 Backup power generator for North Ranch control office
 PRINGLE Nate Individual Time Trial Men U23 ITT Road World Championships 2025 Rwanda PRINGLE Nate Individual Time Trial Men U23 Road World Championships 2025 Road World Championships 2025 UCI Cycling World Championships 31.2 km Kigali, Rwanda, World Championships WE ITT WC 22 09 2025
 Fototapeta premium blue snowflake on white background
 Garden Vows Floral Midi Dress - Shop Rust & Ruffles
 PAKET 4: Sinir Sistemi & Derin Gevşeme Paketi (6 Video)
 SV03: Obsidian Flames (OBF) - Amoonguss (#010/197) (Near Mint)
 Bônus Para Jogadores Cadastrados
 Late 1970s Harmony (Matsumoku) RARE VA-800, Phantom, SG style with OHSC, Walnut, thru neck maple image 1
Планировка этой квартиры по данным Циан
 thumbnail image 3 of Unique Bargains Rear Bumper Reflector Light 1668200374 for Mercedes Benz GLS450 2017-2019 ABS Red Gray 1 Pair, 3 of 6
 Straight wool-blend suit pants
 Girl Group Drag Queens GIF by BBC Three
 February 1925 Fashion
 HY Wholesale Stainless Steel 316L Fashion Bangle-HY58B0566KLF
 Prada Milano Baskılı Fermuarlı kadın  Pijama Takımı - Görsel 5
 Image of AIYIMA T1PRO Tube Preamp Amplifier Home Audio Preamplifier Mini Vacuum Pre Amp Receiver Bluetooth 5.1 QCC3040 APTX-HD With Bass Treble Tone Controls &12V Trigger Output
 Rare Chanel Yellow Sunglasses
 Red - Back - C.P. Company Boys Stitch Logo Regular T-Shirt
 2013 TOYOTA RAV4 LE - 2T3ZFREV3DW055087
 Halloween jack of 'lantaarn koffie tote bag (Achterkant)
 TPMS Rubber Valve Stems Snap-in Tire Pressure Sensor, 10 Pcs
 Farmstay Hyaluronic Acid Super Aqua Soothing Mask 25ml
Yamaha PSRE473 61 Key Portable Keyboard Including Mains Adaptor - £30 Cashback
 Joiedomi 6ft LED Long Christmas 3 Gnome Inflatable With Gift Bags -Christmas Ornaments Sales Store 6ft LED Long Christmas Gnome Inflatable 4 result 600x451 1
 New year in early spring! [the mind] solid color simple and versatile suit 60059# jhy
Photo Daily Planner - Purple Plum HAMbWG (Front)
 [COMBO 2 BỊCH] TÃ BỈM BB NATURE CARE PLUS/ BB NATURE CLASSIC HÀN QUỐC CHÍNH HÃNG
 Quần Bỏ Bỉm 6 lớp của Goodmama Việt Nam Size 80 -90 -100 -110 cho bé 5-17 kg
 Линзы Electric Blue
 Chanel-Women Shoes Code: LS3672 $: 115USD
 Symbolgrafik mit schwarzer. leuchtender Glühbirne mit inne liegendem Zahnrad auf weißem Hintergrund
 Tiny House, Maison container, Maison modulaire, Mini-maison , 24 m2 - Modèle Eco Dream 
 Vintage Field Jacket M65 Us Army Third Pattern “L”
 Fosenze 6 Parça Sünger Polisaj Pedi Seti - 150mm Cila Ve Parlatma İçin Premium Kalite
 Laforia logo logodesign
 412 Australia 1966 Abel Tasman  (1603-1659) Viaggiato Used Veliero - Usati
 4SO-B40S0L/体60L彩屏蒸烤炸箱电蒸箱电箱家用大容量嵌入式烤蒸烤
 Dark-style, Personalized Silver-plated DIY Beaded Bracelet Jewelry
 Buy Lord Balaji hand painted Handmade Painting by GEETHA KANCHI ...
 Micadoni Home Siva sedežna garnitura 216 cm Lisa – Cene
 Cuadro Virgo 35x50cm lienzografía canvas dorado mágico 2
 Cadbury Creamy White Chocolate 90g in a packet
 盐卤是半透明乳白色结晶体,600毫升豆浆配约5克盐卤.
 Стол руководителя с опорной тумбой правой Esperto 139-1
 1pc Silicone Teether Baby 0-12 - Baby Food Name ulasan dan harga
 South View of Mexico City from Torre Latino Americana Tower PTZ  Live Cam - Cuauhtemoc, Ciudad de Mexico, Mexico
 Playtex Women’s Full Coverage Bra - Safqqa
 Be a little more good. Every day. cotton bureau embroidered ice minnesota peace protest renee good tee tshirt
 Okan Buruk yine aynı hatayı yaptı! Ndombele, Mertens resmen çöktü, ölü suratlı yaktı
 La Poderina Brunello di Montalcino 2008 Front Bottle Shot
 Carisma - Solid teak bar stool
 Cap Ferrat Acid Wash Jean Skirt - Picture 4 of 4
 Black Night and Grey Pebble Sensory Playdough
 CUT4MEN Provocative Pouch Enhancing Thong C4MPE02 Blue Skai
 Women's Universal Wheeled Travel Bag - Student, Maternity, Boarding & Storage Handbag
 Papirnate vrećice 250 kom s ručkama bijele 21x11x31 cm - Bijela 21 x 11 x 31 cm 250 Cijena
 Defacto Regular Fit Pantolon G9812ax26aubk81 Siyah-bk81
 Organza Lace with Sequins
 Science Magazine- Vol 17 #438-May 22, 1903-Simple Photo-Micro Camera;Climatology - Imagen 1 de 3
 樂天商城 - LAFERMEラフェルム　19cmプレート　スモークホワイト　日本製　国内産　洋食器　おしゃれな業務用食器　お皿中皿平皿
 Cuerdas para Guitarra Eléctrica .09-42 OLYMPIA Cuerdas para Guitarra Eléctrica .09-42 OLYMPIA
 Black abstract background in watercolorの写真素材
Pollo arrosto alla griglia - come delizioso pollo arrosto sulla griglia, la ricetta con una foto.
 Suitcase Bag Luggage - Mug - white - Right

Task brief: Gather each line from the listing above that holds "Front".

Reply:
Photo Daily Planner - Purple Plum HAMbWG (Front)
 La Poderina Brunello di Montalcino 2008 Front Bottle Shot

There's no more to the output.